§ **ASSIGNED TASK**: Exactly as written, return all the data, leaving its pictures behind.

§ **RECORDS SHOWN**:
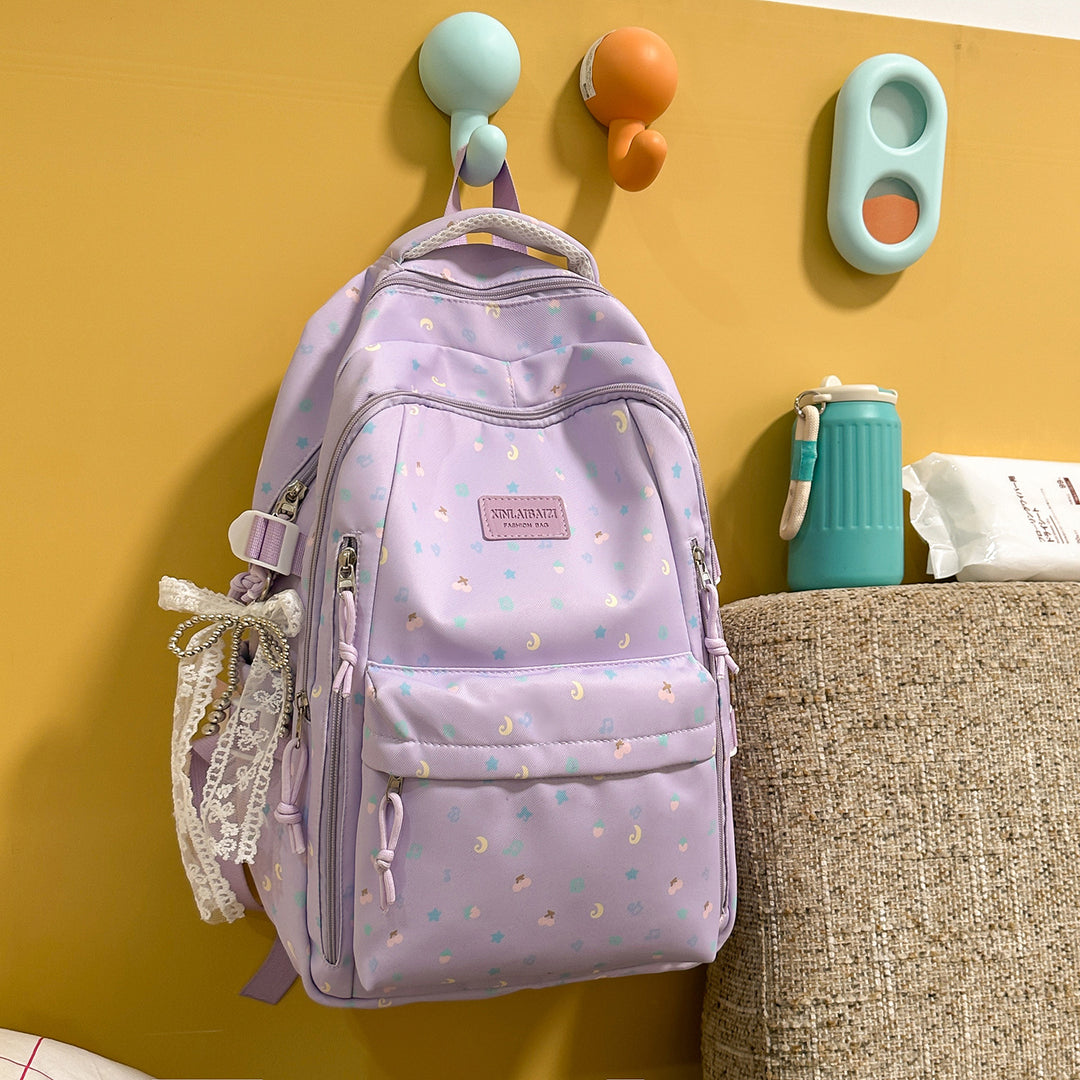 Stylish Multi-Pocket Backpack with Decorative Accents Stornfield
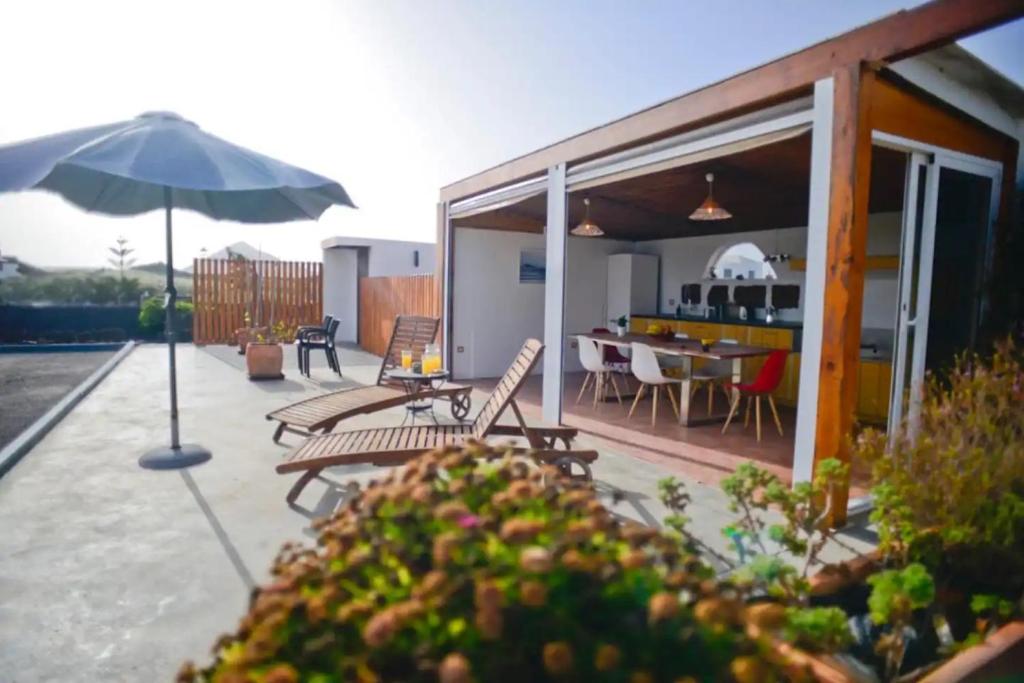 a patio with an umbrella and a table and chairs at Casa Jenabe in La Vegueta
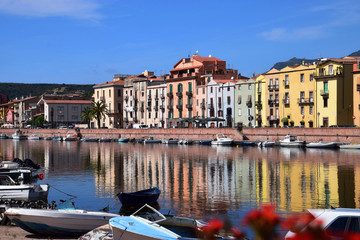 Fototapeta na wymiar mediterranean idyll in bosa, panoramic view on the boats on the river temo in Bosa in Sardinia including typical colorful Italian houses these are reflected in the river
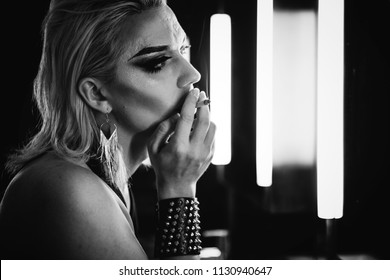 Transgender Woman Smoking In A Room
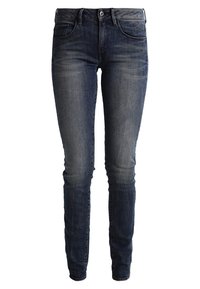 Mörkblå denimjeans med slim fit, med en mid-rise midja, femficksdesign och subtil blekning på låren.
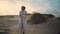 Lonely woman admiring beach dunes. Black hair model get cold resting seaside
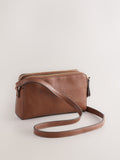 Black double zip cross body bag with adjustable strap, imported from the UK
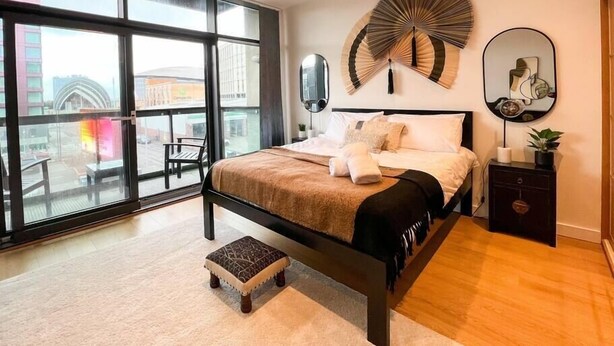 Un dormitorio moderno con un ventanal grande, una cama con una manta color beige, un taburete pequeño, una mesita de noche con una planta y un ventilador de pared.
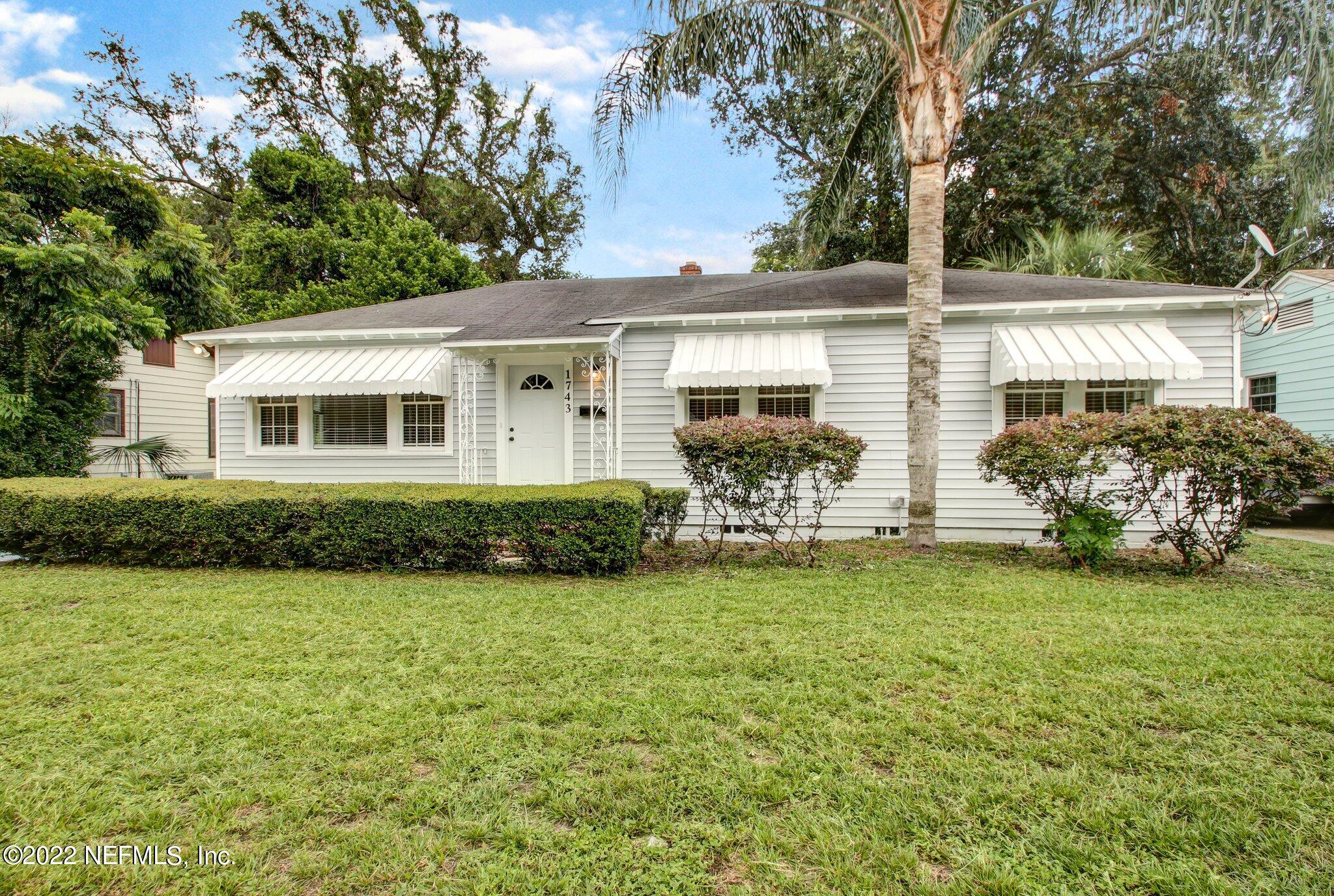 1743 Planters Road Jacksonville, FL 32207 - Photo 2 of 29 a front view of house with yard and trees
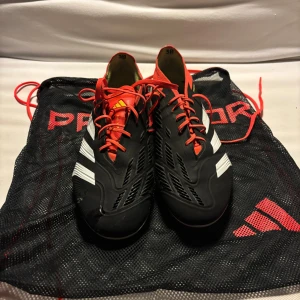 Adidas Predator fotbollsskor svart/röd - Säljer ett par Adidas Predator fotbollsskor i svart med röda och vita detaljer. Skorna har snörning, mönstrad ovandel och dobbar för gräsplan. Kommer med original Predator-påse. Perfekta för dig som vill sticka ut på planen.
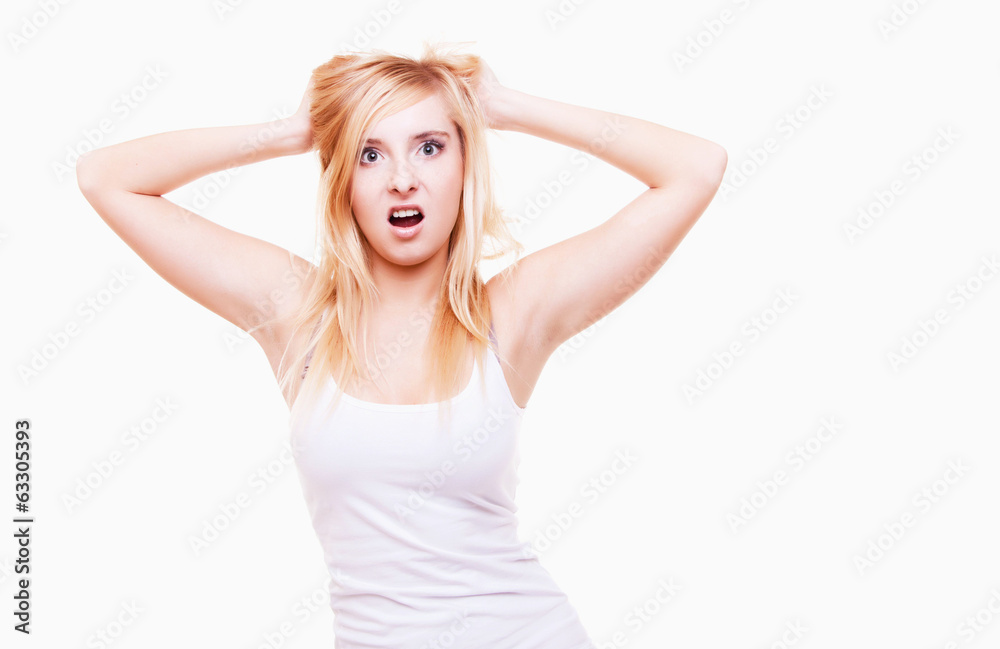 Stress. Young woman frustrated pulling her hair on white Stress. Young woman frustrated pulling her hair on white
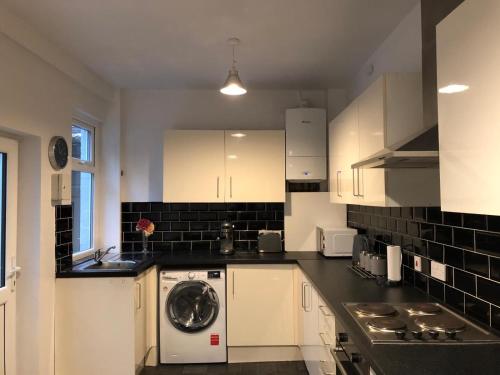 a kitchen with white cabinets and a washing machine at Comfortable Home From Home Bolton Central - Sleeps - 10 in Bolton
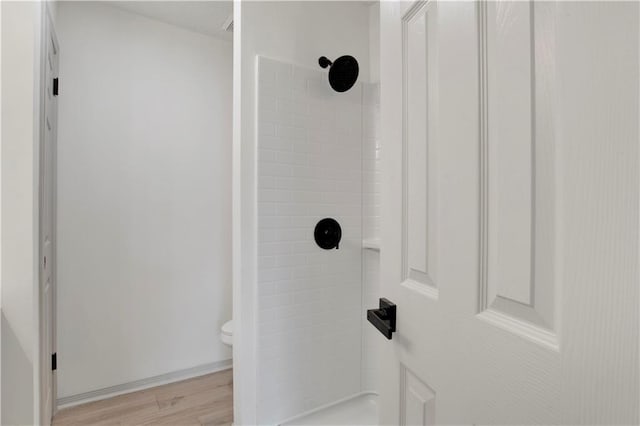 details featuring a tile shower, hardwood / wood-style floors, and toilet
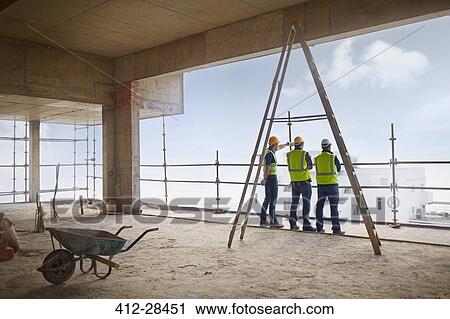 Construction workers at highrise construction site View Large Photo Image Stock Image - Construction workers at highrise construction site. Fotosearch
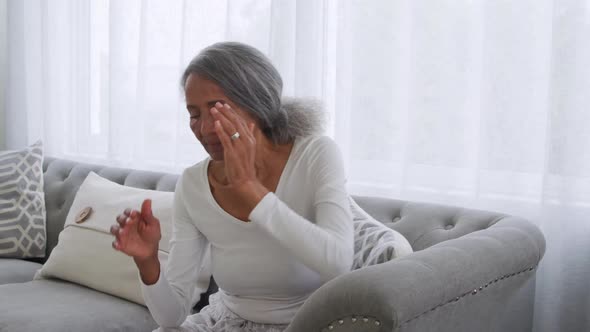 Mature woman at home alt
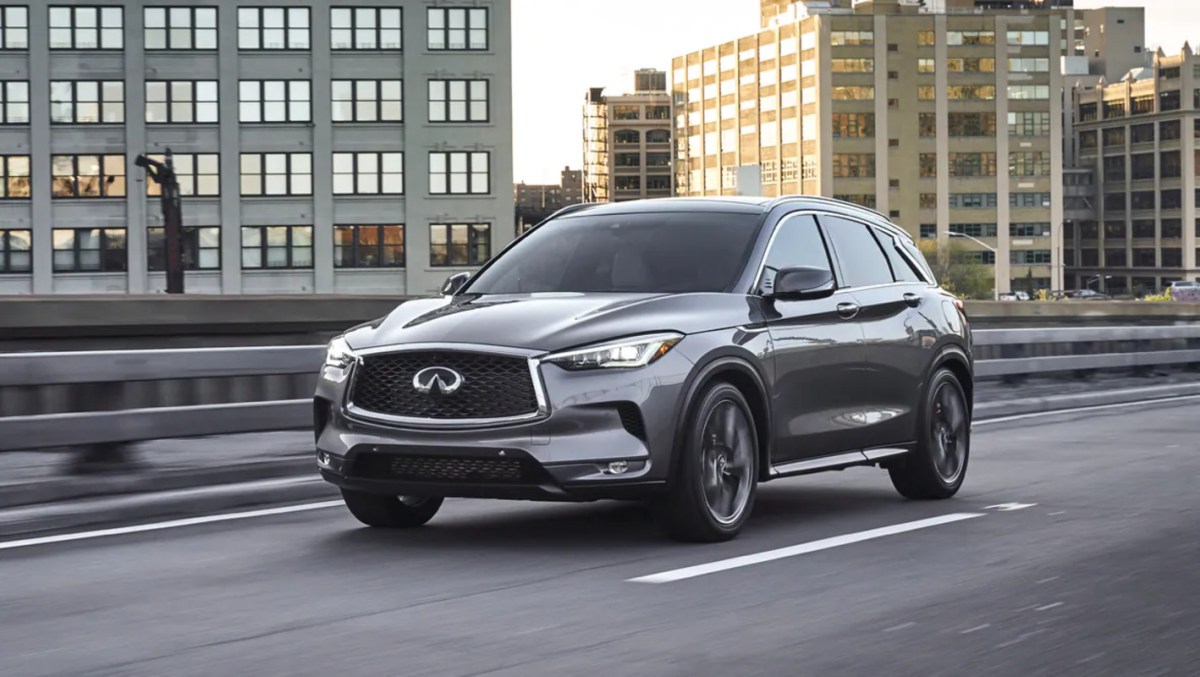 a gray 2023 Infiniti QX50 luxury compact SUV driving on a road, experts agree on the best trim.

§ **TASK RESPONSE**:
 Stylish Multi-Pocket Backpack with Decorative Accents Stornfield
 a patio with an umbrella and a table and chairs at Casa Jenabe in La Vegueta
 Fototapeta na wymiar mediterranean idyll in bosa, panoramic view on the boats on the river temo in Bosa in Sardinia including typical colorful Italian houses these are reflected in the river
 Transgender Woman Smoking In A Room
 Mörkblå denimjeans med slim fit, med en mid-rise midja, femficksdesign och subtil blekning på låren.
 Lonely woman admiring beach dunes. Black hair model get cold resting seaside
 Black double zip cross body bag with adjustable strap, imported from the UK
 Un dormitorio moderno con un ventanal grande, una cama con una manta color beige, un taburete pequeño, una mesita de noche con una planta y un ventilador de pared.
 1743 Planters Road Jacksonville, FL 32207 - Photo 2 of 29 a front view of house with yard and trees
 Adidas Predator fotbollsskor svart/röd - Säljer ett par Adidas Predator fotbollsskor i svart med röda och vita detaljer. Skorna har snörning, mönstrad ovandel och dobbar för gräsplan. Kommer med original Predator-påse. Perfekta för dig som vill sticka ut på planen.
 Stress. Young woman frustrated pulling her hair on white Stress. Young woman frustrated pulling her hair on white
 a kitchen with white cabinets and a washing machine at Comfortable Home From Home Bolton Central - Sleeps - 10 in Bolton
 details featuring a tile shower, hardwood / wood-style floors, and toilet
 Construction workers at highrise construction site View Large Photo Image Stock Image - Construction workers at highrise construction site. Fotosearch
 Mature woman at home alt
 a gray 2023 Infiniti QX50 luxury compact SUV driving on a road, experts agree on the best trim.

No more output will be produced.